--- Instructions to follow ---
Would you copy the lines below exactly and omit the images?

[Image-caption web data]
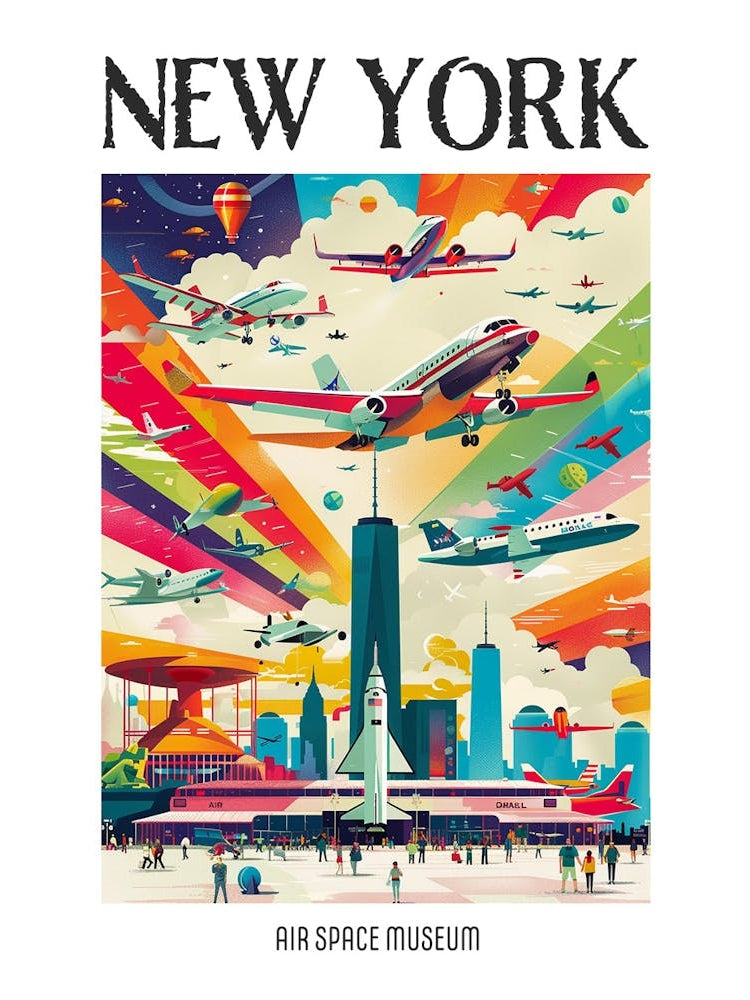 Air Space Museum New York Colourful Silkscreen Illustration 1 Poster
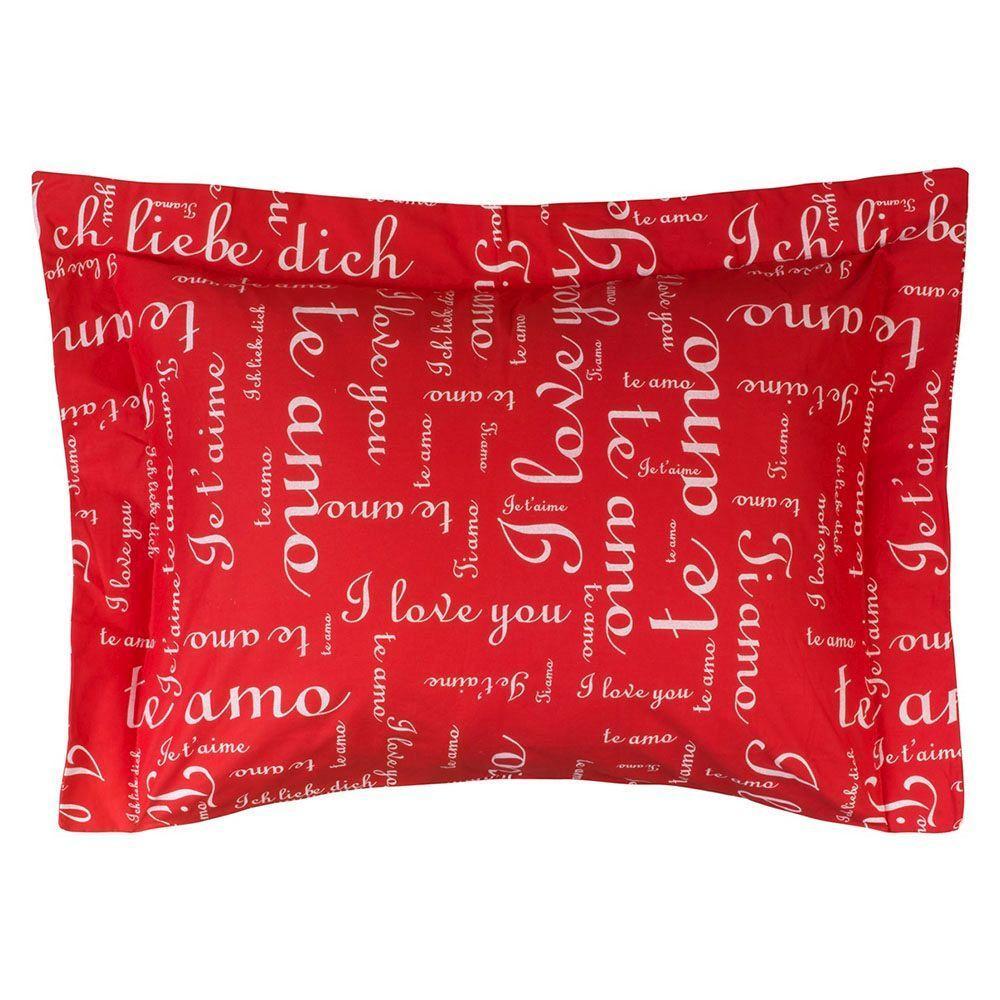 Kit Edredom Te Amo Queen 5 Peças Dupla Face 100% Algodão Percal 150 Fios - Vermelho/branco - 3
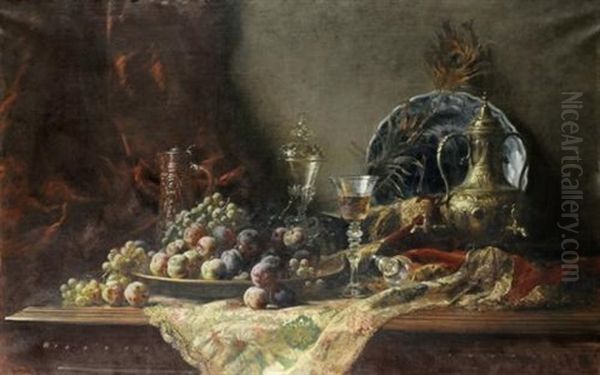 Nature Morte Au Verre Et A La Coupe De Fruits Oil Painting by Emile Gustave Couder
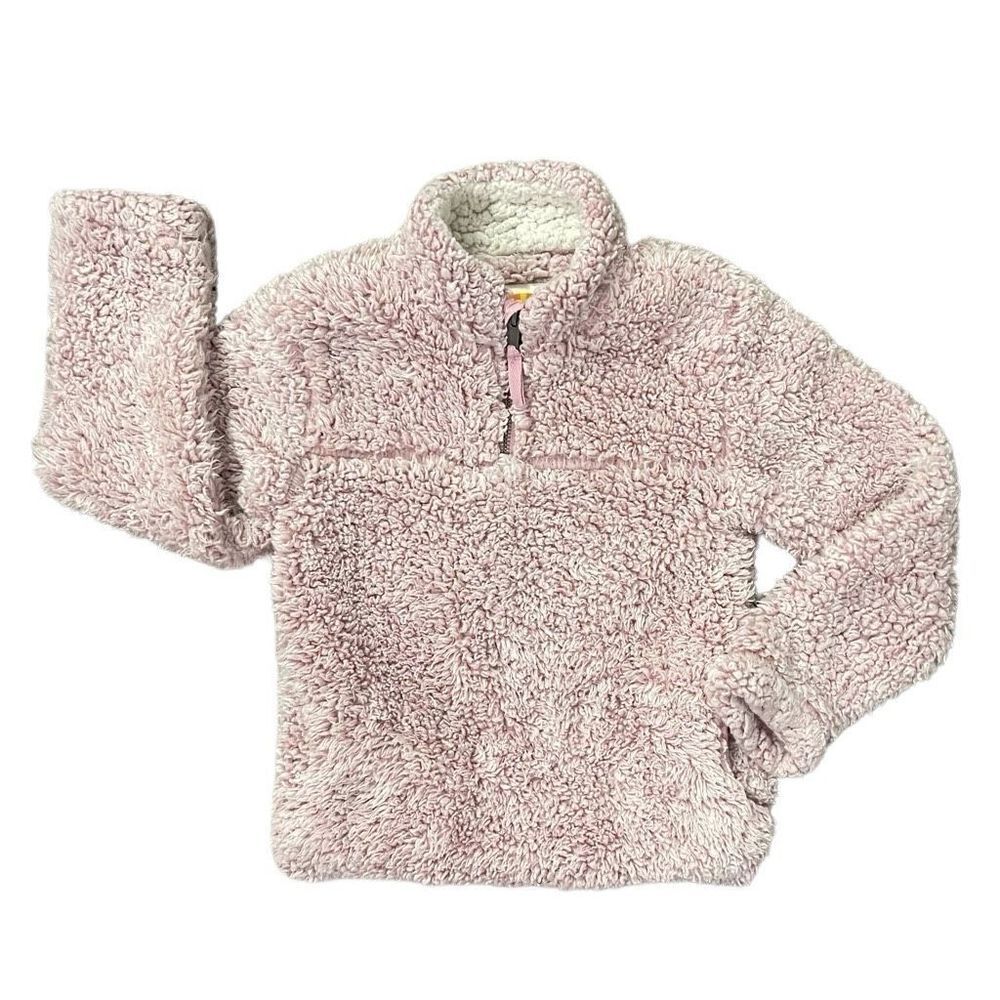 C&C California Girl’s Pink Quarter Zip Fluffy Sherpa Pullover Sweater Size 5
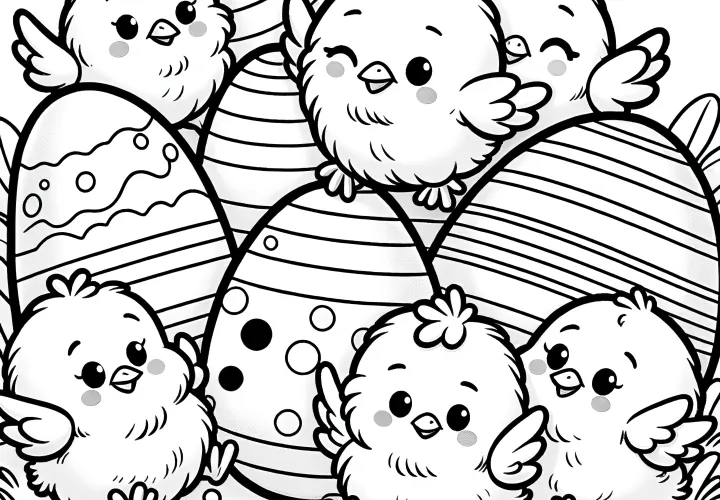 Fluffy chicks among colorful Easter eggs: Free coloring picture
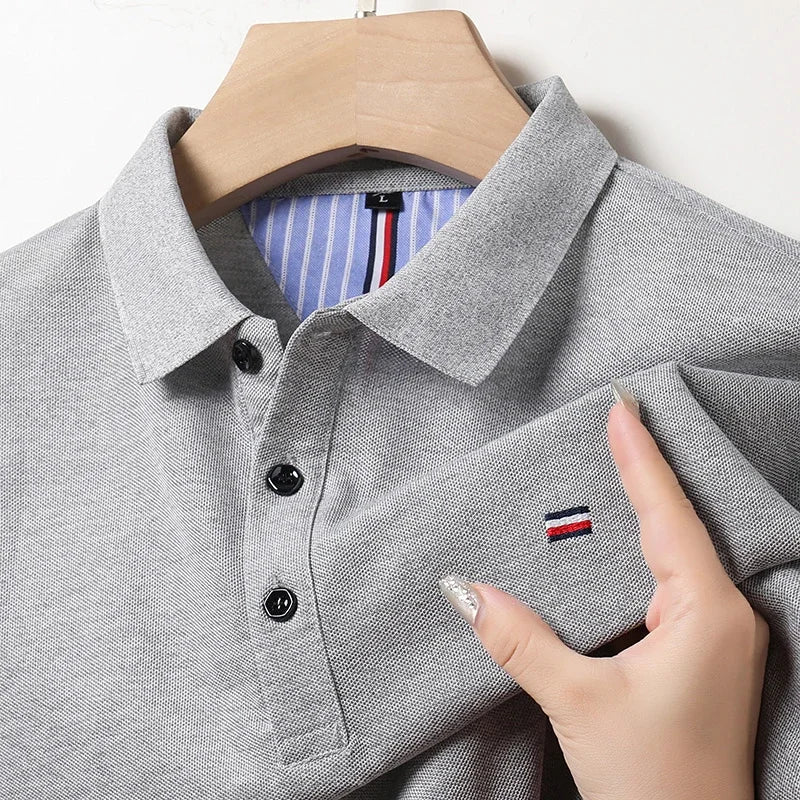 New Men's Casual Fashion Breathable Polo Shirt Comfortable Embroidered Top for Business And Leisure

--- Reply ---
 Air Space Museum New York Colourful Silkscreen Illustration 1 Poster
 Kit Edredom Te Amo Queen 5 Peças Dupla Face 100% Algodão Percal 150 Fios - Vermelho/branco - 3
 Nature Morte Au Verre Et A La Coupe De Fruits Oil Painting by Emile Gustave Couder
 C&C California Girl’s Pink Quarter Zip Fluffy Sherpa Pullover Sweater Size 5
 Fluffy chicks among colorful Easter eggs: Free coloring picture
 New Men's Casual Fashion Breathable Polo Shirt Comfortable Embroidered Top for Business And Leisure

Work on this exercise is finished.